TASK TO CARRY OUT
With the pictures left out, write out the records verbatim.

──────

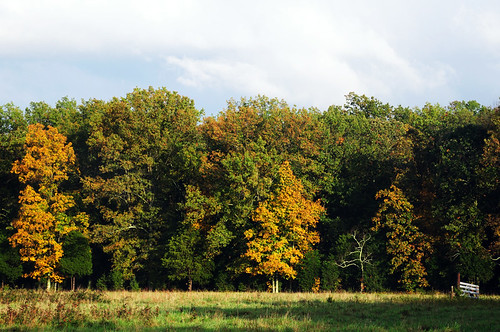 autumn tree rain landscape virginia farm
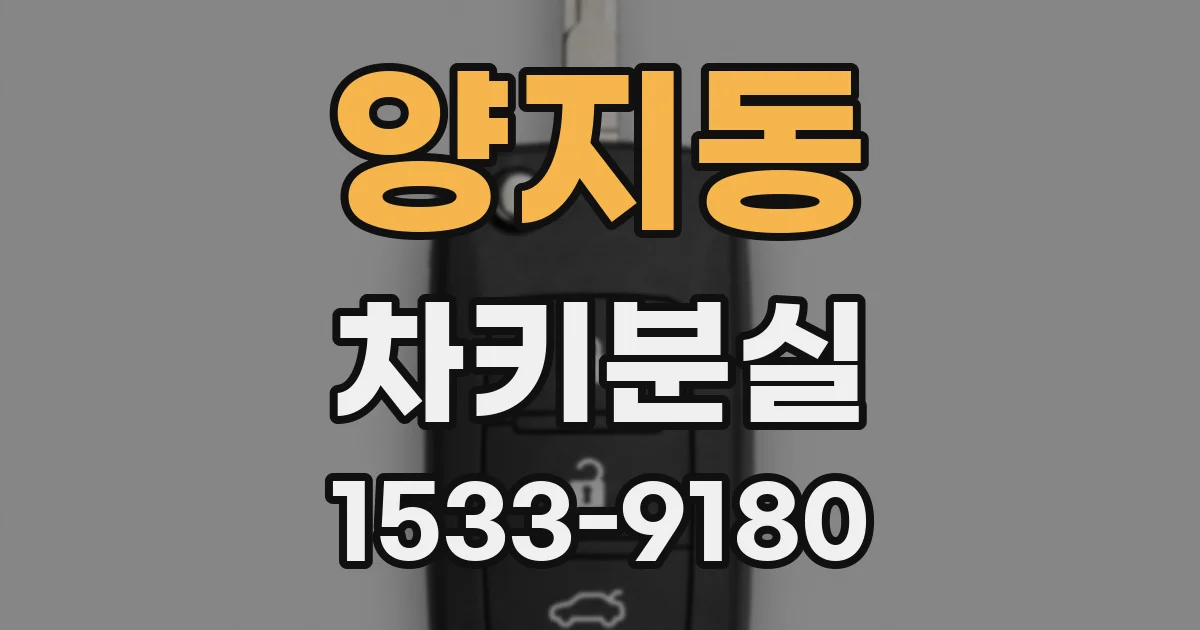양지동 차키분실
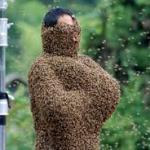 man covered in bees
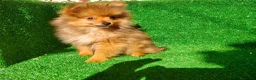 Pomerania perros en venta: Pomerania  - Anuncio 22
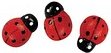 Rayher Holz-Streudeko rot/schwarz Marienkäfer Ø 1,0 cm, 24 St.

──────

WRITTEN SOLUTION
 autumn tree rain landscape virginia farm
양지동 차키분실
 man covered in bees
 Pomerania perros en venta: Pomerania  - Anuncio 22
 Rayher Holz-Streudeko rot/schwarz Marienkäfer Ø 1,0 cm, 24 St.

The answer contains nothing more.